▶

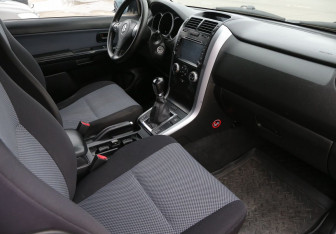 Подержанный автомобиль Suzuki Grand Vitara 2006 года (9 фото)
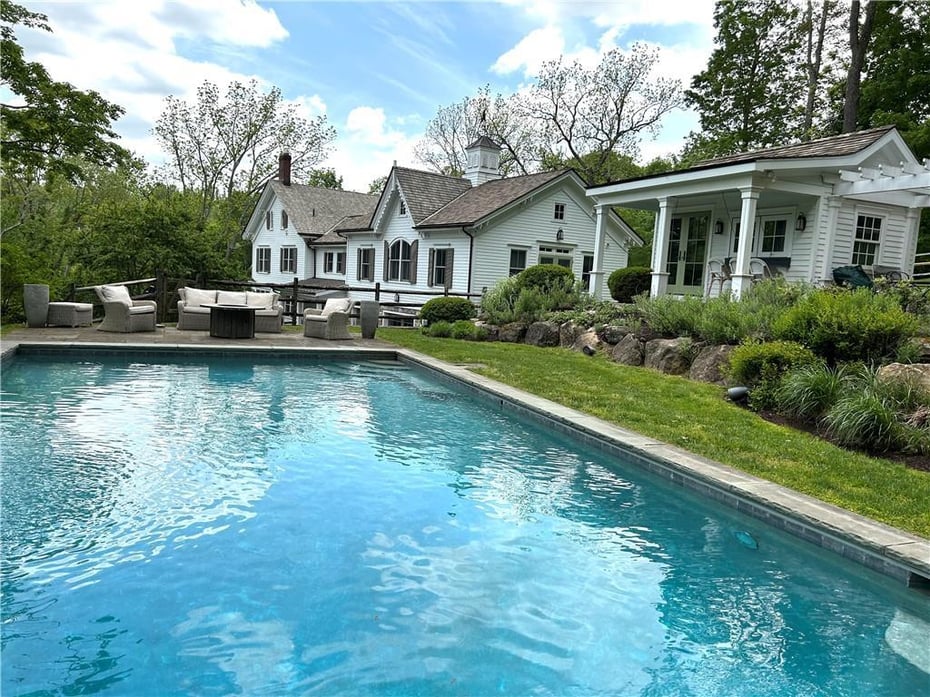 320 Mt Holly Road Photo 3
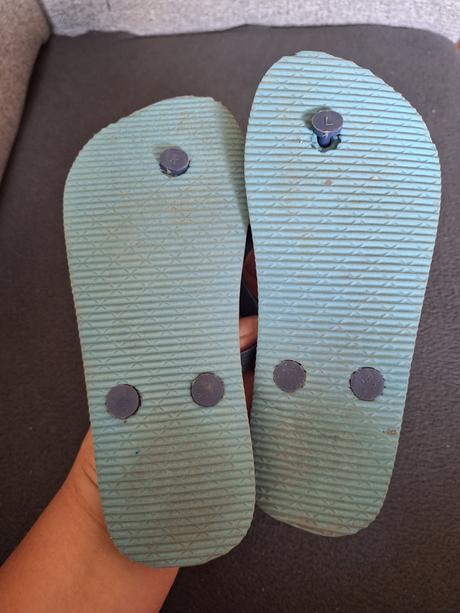 Chlapecké žabky vel asi .32, 32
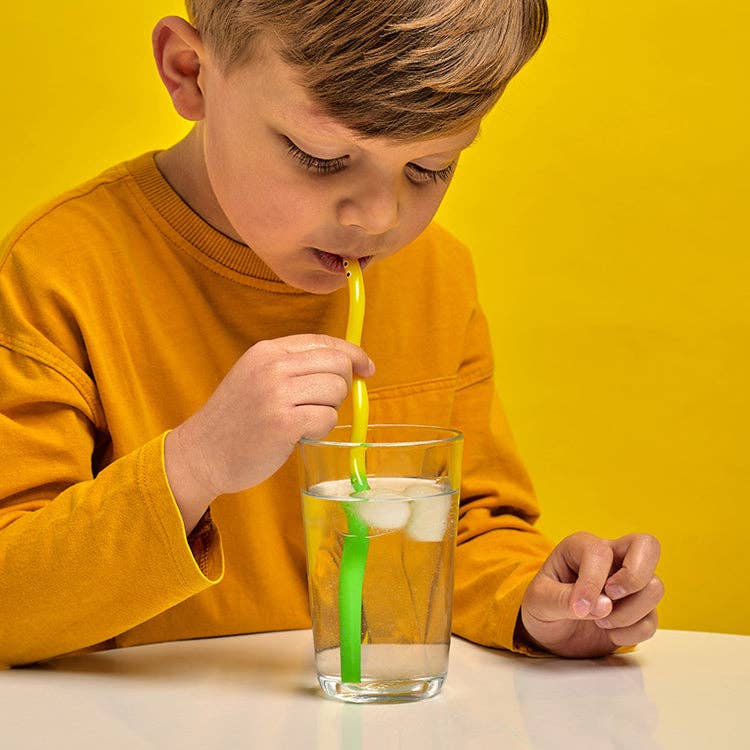Wiggly Worm Color Changing Straws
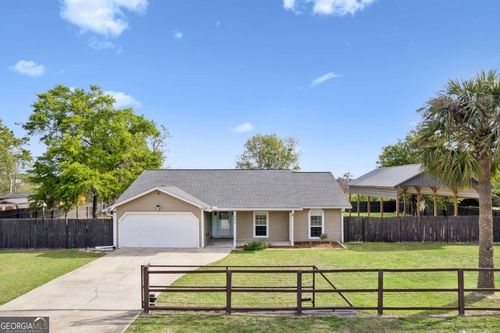 195 Windsor Cir, Woodbine, GA, 31569-4127 | Card Image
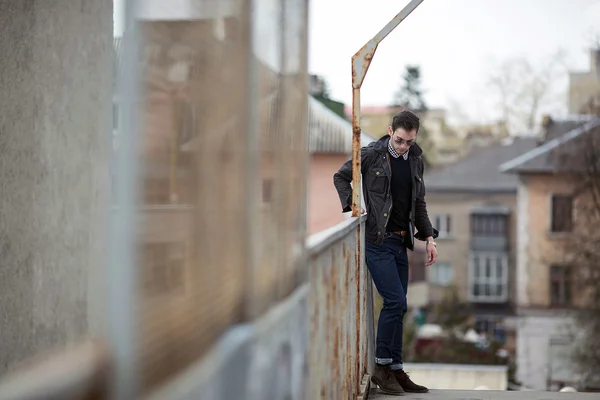 Homem confiante posando em jeans selvedge — Fotografia de Stock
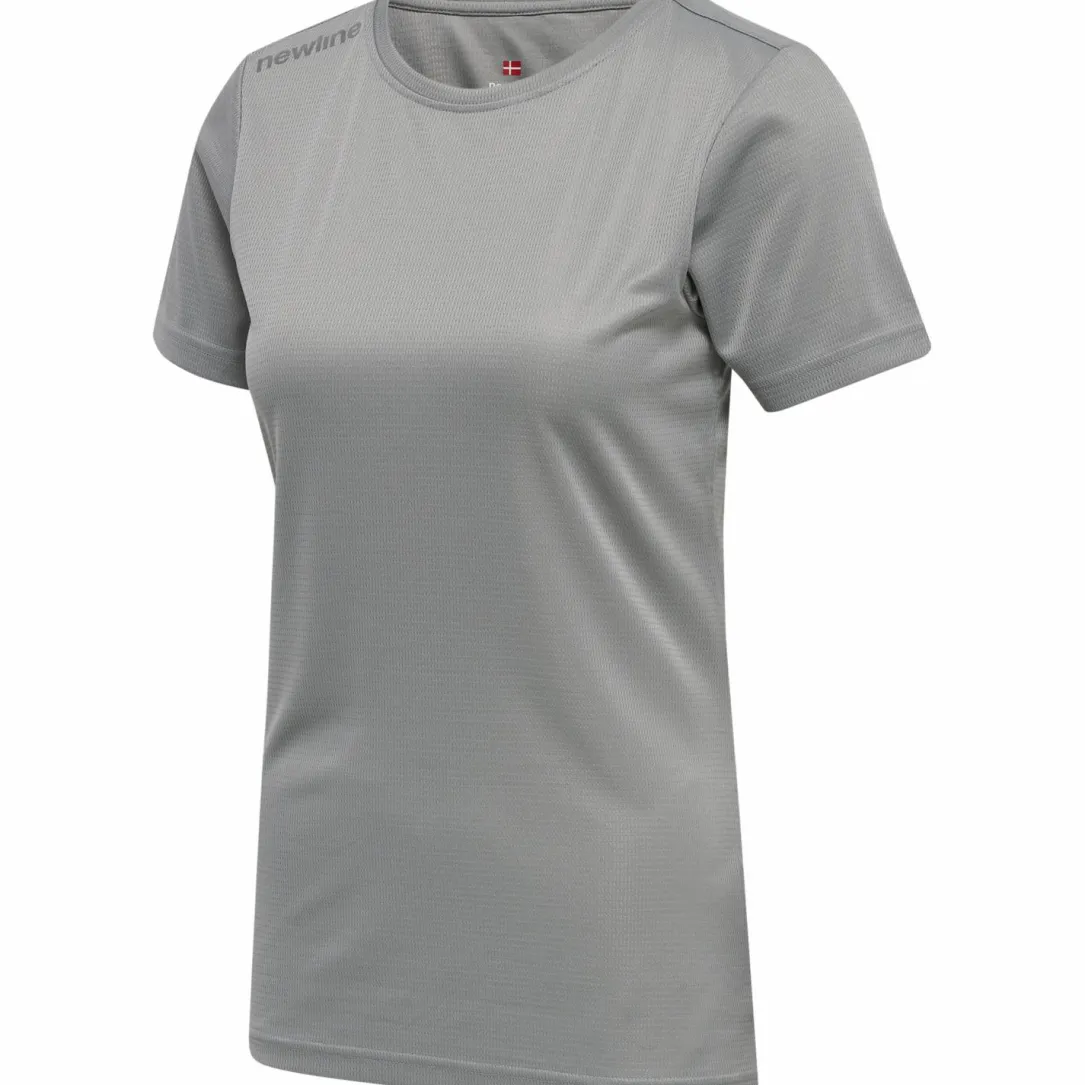 WOMEN CORE FUNCTIONAL T-SHIRT S/S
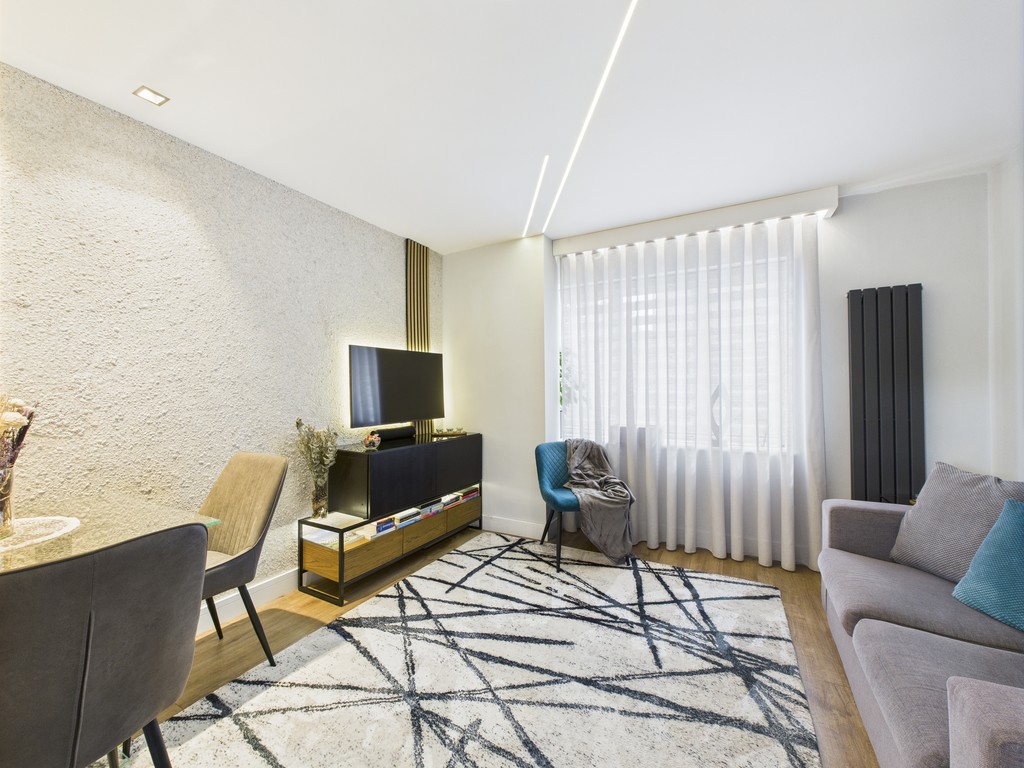 1 bed terraced house for sale in Kingsmead Place, Broadbridge Heath  - Property Image 3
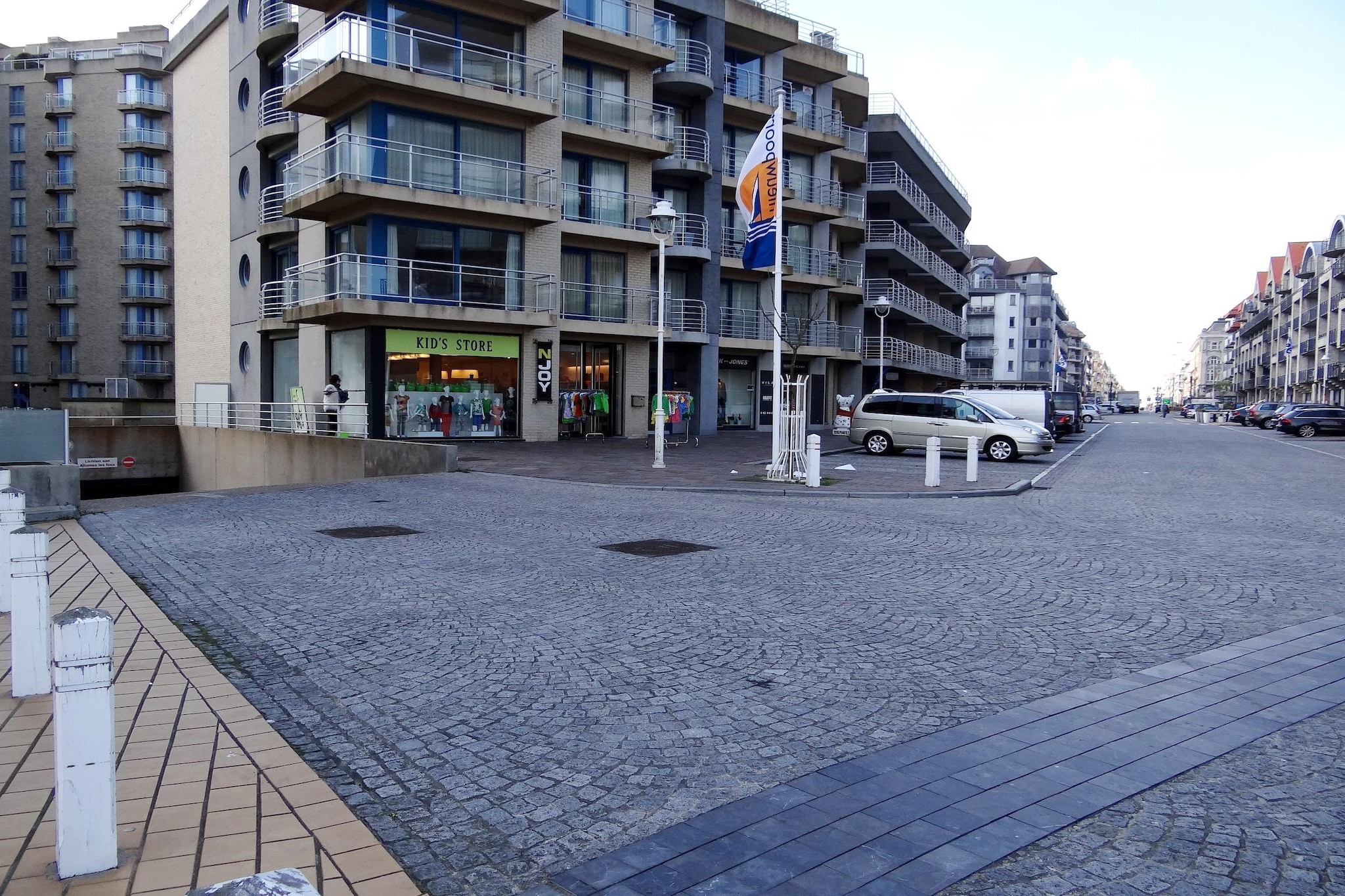 DEN OEVER IV 0101GAR-Buitenkant zomer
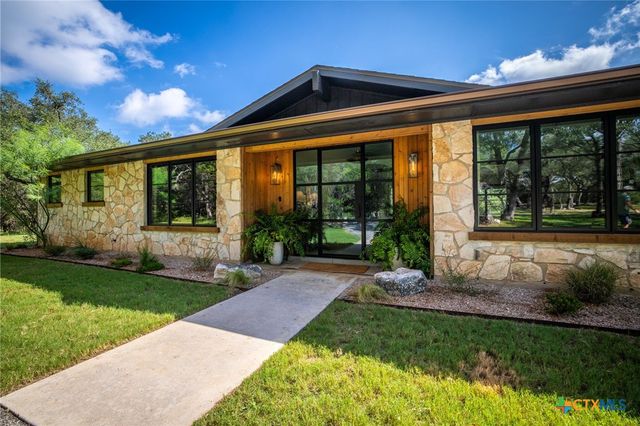138 Hill Haven Drive, New Braunfels, TX 78132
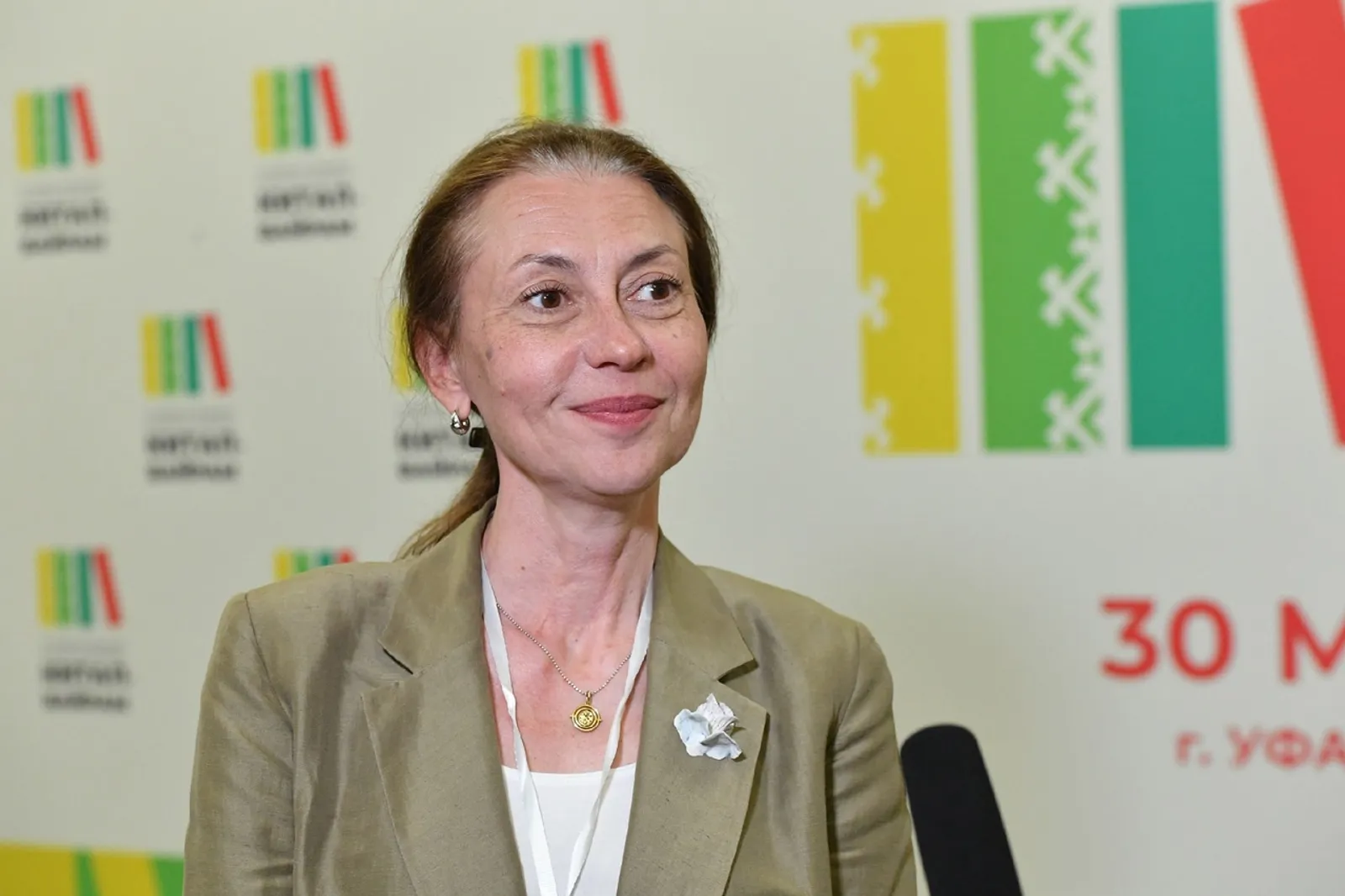 «Книжные» улицы, Лев Толстой и зелёные холодильники: чем удивил «Китап-Байрам» с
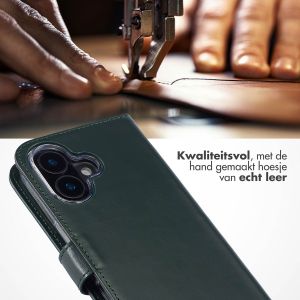 Selencia Echt Lederen Bookcase iPhone 16 - Groen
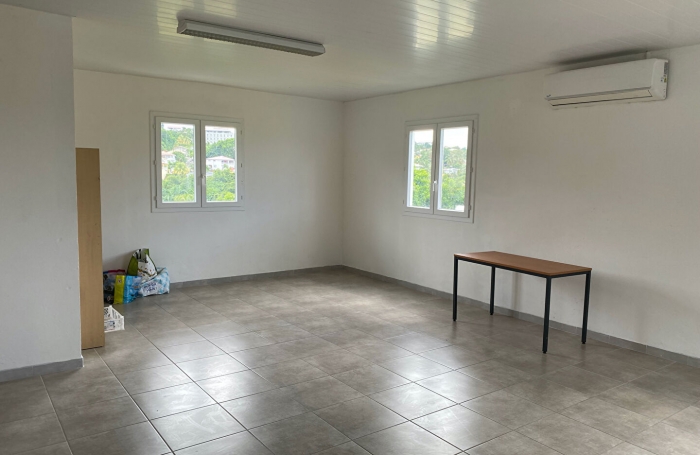 Location Bureaux 50m&sup2; Le Lamentin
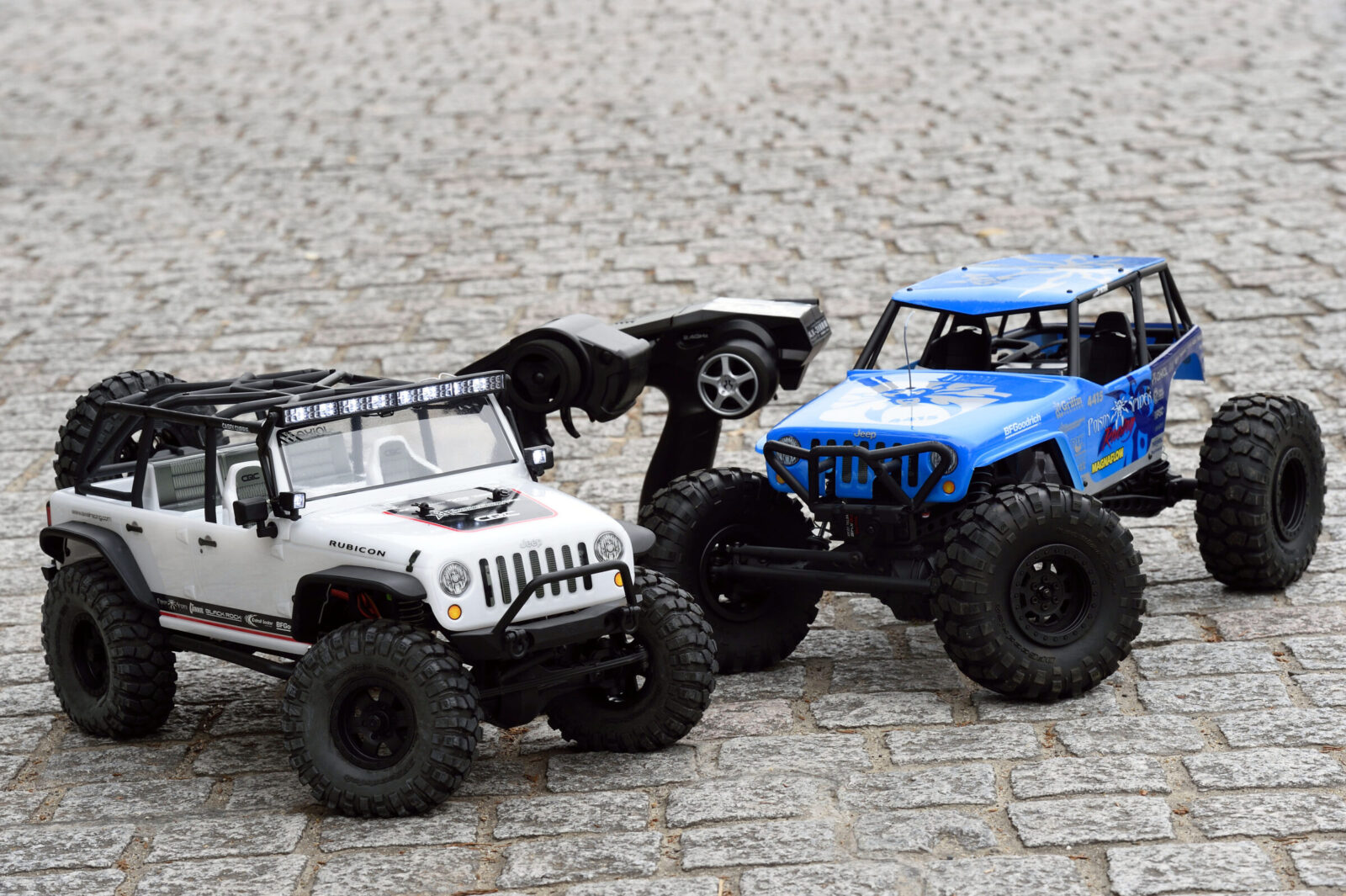 JK WRANGLER UNLIMITED TOP RANKAZ 同店が取り扱う本格4駆ラジコンの"アキシャル“。ホワイトのアンリミはRIGID INDUSTRIESと、ブルーはPOISON SPYDERとコラボしている。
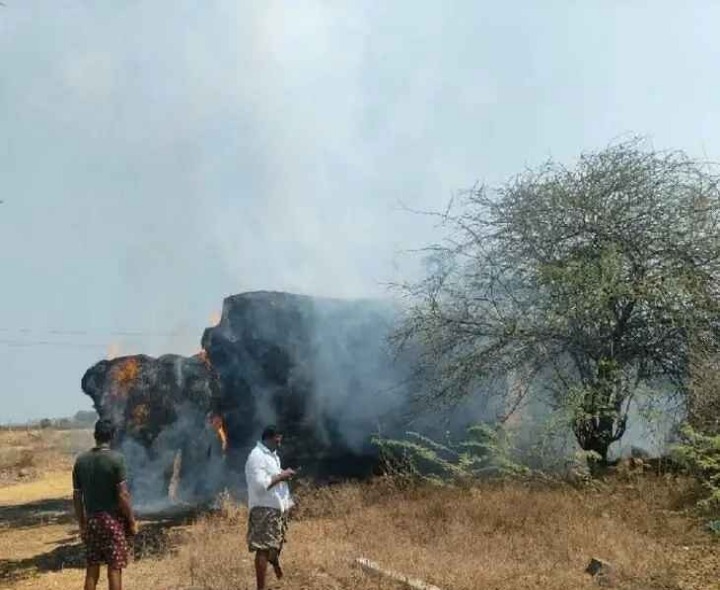 గడ్డివాముకు నిప్పు పెట్టిన  గుర్తుతెలియని వ్యక్తులు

◀

Activity: Every picture stays out; reproduce exactly the lines from the one with "Chlapecké žabky vel asi .32, 32" through the last line of the data above.

Final answer:
 Chlapecké žabky vel asi .32, 32
Wiggly Worm Color Changing Straws
 195 Windsor Cir, Woodbine, GA, 31569-4127 | Card Image
 Homem confiante posando em jeans selvedge — Fotografia de Stock
 WOMEN CORE FUNCTIONAL T-SHIRT S/S
 1 bed terraced house for sale in Kingsmead Place, Broadbridge Heath  - Property Image 3
 DEN OEVER IV 0101GAR-Buitenkant zomer
138 Hill Haven Drive, New Braunfels, TX 78132
 «Книжные» улицы, Лев Толстой и зелёные холодильники: чем удивил «Китап-Байрам» с
 Selencia Echt Lederen Bookcase iPhone 16 - Groen
 Location Bureaux 50m&sup2; Le Lamentin
 JK WRANGLER UNLIMITED TOP RANKAZ 同店が取り扱う本格4駆ラジコンの"アキシャル“。ホワイトのアンリミはRIGID INDUSTRIESと、ブルーはPOISON SPYDERとコラボしている。
 గడ్డివాముకు నిప్పు పెట్టిన  గుర్తుతెలియని వ్యక్తులు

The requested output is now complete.